What remains? An interesting selection of extracts from Viennese newspaper critics. An expanded edited collection of such criticism might have been more helpful than an argument that probably needed more time to be honed. We never approach the nub of why Mahler’s (partial) decision to write programme music was understood to indicate Jewishness, whereas undoubted resolutions to do so by Berlioz, Liszt, and Richard Strauss were not. Must there not have been something more to the matter, given that the genre’s foremost practitioners were certainly not Jewish? Knittel’s reading is not necessarily invalidated, yet complexities require consideration, not evasion. A chapter on Strauss criticism holds out promise, but its argument turns out to be: Mahler was Jewish and Strauss was not, therefore identical criticisms of Mahler and Strauss are and are not anti-Semitic. As for the claim that Strauss turned his back upon modernism because it was perceived as Jewish, it is arresting, but where is the evidence? One can imagine the contrary being claimed, that he was returning to a comfortable classicism akin to that of Mendelssohn.
It is a tedious hallmark of reviews that they berate the writer for not having included something else. I nevertheless cannot help but wonder at the exclusion of discussions by composers such as Alexander Zemlinsky – Jewish, spurned by Alma – and Arnold Schoenberg, and musicologists such as Guido Adler and Heinrich Schenker.
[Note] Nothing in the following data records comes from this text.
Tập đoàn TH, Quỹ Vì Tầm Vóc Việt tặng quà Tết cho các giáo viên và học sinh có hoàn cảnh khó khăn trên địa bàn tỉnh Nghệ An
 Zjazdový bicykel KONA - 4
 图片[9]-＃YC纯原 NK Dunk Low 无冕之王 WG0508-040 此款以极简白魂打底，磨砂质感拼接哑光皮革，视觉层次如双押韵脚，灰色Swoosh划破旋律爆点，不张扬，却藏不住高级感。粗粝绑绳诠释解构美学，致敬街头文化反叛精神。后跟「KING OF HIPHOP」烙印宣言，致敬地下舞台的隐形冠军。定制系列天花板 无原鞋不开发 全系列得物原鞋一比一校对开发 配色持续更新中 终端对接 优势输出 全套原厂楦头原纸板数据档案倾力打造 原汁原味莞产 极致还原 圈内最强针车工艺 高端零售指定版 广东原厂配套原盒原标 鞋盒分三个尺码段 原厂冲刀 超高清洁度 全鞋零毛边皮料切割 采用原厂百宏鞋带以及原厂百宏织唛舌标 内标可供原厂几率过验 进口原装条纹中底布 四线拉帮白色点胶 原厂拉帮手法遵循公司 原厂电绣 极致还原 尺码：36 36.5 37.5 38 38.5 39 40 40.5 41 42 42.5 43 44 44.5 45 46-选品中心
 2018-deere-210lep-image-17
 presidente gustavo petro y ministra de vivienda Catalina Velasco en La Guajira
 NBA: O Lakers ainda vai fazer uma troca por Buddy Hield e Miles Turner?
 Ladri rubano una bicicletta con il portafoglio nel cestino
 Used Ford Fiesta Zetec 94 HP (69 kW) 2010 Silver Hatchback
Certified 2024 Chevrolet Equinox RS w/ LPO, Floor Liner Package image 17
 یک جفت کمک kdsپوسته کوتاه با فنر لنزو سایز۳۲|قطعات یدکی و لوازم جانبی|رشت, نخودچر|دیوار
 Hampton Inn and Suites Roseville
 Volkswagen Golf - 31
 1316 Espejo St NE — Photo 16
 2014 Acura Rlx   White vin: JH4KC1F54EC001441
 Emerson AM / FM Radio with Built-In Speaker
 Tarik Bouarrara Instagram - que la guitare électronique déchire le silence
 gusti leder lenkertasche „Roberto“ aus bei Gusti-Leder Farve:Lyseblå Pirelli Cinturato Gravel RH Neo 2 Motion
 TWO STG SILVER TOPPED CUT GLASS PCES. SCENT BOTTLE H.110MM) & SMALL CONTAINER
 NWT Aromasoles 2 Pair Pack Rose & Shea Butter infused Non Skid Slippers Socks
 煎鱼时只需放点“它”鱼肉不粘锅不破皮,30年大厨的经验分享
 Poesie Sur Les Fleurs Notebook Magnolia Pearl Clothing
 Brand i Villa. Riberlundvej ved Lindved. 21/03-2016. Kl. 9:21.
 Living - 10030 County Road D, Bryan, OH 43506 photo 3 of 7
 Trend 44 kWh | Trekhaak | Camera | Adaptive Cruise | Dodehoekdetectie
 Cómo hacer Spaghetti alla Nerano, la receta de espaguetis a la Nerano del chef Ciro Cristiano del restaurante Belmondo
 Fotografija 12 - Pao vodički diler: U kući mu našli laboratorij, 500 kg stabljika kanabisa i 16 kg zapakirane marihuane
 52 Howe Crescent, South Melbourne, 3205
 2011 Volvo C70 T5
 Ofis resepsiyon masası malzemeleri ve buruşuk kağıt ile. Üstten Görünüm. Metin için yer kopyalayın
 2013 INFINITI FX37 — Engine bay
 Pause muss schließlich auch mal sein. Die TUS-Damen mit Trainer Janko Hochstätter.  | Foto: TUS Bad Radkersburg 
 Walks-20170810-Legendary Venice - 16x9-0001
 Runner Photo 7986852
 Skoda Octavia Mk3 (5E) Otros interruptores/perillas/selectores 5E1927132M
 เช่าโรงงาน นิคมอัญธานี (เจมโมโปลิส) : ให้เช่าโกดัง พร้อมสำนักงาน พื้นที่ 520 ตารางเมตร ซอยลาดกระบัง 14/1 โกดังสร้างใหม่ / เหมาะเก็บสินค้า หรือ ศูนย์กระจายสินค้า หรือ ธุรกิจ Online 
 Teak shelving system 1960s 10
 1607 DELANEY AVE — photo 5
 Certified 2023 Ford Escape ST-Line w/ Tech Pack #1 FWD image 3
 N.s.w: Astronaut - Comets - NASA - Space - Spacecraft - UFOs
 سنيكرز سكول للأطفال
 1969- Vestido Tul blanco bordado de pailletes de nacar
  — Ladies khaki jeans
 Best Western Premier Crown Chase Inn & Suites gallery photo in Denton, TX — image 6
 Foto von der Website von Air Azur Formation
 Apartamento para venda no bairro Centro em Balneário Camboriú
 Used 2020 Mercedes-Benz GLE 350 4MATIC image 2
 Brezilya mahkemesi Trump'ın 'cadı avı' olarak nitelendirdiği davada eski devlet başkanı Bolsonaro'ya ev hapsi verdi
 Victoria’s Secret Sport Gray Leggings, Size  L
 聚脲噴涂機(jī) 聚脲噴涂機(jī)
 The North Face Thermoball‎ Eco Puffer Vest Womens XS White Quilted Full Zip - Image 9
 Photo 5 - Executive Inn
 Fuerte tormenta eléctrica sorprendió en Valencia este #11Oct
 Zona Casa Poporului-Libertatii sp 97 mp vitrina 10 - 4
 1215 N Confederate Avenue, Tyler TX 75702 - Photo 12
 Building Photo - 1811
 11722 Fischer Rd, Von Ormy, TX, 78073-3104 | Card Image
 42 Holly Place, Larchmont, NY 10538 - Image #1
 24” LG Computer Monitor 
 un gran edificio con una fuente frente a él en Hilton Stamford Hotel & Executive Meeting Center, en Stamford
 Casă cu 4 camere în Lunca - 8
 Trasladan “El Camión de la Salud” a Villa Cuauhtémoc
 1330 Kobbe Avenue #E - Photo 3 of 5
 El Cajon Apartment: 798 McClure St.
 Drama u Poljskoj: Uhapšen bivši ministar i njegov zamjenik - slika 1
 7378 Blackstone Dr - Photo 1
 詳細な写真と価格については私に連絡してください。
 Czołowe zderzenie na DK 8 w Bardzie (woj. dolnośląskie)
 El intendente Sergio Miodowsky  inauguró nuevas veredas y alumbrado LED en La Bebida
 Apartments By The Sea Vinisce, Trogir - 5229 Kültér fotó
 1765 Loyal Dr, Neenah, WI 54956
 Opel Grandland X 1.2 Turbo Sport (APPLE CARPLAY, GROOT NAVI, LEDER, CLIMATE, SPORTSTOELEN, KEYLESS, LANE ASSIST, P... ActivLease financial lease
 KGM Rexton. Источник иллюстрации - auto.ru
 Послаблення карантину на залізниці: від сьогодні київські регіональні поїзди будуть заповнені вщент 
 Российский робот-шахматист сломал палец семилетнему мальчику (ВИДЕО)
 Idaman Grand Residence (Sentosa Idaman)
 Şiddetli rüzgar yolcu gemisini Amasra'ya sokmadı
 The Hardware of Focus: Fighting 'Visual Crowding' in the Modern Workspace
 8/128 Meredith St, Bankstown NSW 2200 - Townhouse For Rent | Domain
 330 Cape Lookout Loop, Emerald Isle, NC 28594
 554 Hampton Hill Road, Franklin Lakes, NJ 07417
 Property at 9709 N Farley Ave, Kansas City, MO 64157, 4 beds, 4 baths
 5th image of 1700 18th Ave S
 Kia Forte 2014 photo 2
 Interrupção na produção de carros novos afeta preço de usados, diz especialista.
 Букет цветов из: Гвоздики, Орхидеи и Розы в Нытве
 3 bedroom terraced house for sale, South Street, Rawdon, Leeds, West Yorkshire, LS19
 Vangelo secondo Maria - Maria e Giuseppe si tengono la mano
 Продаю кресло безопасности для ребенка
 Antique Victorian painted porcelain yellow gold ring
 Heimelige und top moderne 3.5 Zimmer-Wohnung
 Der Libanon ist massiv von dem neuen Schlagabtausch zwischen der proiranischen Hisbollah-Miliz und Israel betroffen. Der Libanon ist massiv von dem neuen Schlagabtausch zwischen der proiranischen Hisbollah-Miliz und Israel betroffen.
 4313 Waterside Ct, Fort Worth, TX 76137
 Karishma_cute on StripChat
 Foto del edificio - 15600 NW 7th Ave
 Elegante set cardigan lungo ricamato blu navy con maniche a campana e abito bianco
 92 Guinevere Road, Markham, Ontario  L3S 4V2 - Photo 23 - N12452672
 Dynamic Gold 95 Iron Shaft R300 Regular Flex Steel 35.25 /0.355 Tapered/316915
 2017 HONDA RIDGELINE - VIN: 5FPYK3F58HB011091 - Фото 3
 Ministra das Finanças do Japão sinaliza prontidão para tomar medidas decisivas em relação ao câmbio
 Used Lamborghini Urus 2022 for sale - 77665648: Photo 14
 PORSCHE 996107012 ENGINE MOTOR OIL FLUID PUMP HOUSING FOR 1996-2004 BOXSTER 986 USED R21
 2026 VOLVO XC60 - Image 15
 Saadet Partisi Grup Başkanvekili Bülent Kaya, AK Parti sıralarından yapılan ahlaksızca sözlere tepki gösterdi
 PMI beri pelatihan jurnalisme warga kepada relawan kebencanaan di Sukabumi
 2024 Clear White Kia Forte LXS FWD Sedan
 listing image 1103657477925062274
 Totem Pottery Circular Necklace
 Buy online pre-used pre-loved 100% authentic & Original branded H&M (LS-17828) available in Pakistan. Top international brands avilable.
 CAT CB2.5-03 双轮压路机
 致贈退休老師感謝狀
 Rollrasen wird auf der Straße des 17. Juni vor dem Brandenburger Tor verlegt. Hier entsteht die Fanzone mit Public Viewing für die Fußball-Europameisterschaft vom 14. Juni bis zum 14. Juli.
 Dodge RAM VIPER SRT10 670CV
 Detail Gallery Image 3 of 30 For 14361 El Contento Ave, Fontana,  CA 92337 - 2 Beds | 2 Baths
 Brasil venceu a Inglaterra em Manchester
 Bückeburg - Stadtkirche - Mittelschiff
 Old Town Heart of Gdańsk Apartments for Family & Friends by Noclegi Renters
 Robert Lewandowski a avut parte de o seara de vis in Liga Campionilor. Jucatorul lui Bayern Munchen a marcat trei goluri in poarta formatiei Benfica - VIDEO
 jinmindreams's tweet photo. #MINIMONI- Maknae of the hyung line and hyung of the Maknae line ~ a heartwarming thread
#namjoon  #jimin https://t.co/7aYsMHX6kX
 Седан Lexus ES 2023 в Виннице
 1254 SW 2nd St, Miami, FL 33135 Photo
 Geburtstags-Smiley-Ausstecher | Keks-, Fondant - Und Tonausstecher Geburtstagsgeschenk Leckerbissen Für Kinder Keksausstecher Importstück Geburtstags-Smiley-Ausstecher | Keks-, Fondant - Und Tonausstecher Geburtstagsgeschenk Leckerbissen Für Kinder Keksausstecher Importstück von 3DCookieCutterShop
Stefan Zweig is dismissed (naïvely?): ‘it must be said, … a rather naïve and self-centred man’. Such figures would, despite their exceptionalism, have something to say about prejudices of ‘mere’ critics and reasons for hostility extending beyond or illuminating anti-Semitism.
Mahler’s time having come – he predicted to Alma that it would, when Strauss’s had ended – might even signal acceptance, indeed approbation, of ‘Jewish’ aspects to his music. Alternatively, even if they exist, that may have little connection to his present esteem. Our view may depend upon preference for Bernstein’s Mahler as agent of personal redemption or Pierre Boulez’s Mahler as modernist godfather. We should not, however, decide upon the outcome before conducting the investigation.